[Aim of the exercise] When you copy the listing, skip the images and return each line verbatim.

[Information shown]
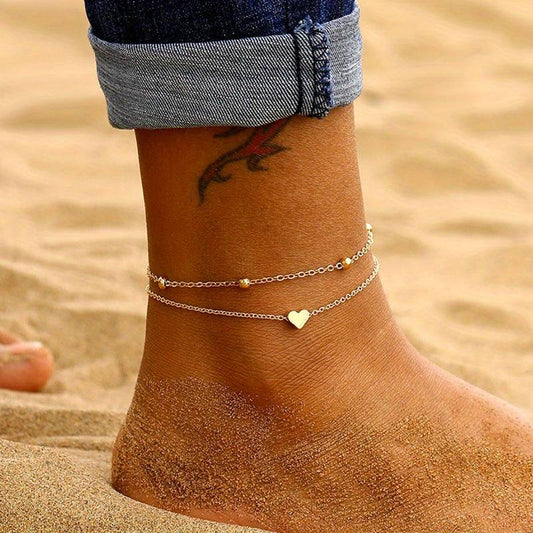 Double layer anklet with heart - love gift for her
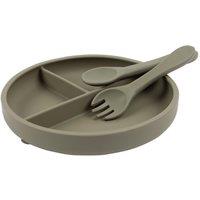 Tiny Dining Silicone Suction Plate, Fork & Spoon Set - Silicone Baby Feeding Set in Khaki
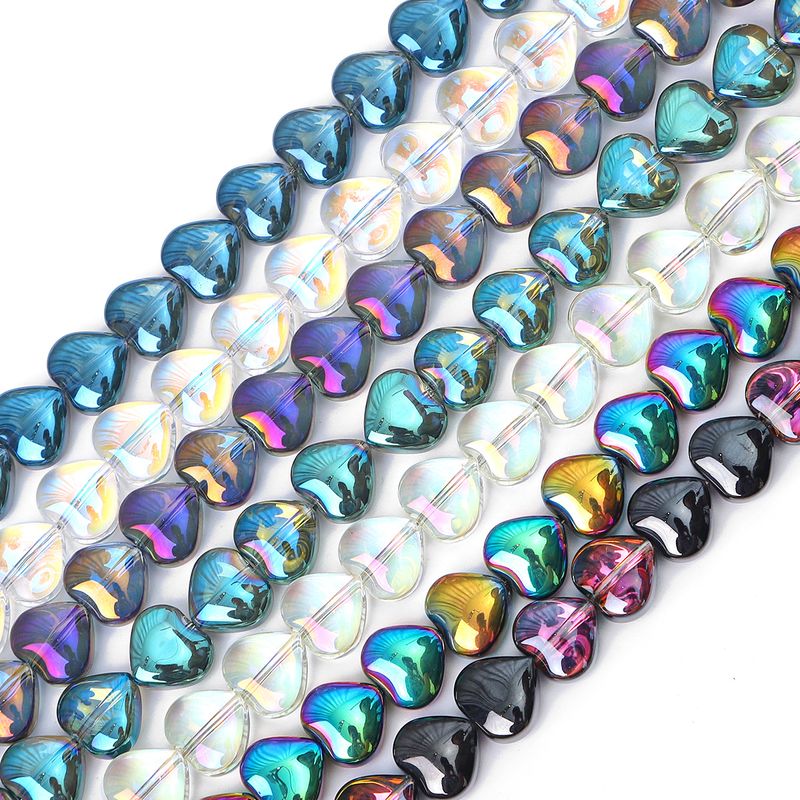 20 Pieces Glass Heart Shape Beads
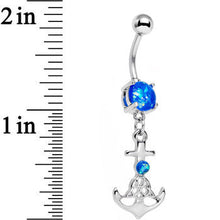 将图片加载到图库查看器,Aqua Faux Opal Celtic Knot Anchor Dangle Belly Ring
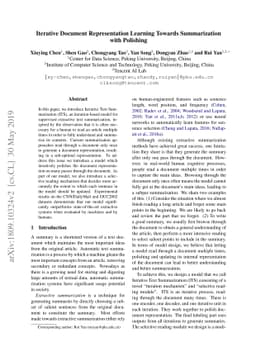 Iterative Document Representation Learning Towards Summarization with
  Polishing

[Written solution]
 Double layer anklet with heart - love gift for her
 Tiny Dining Silicone Suction Plate, Fork & Spoon Set - Silicone Baby Feeding Set in Khaki
 20 Pieces Glass Heart Shape Beads
 将图片加载到图库查看器,Aqua Faux Opal Celtic Knot Anchor Dangle Belly Ring
 Iterative Document Representation Learning Towards Summarization with
  Polishing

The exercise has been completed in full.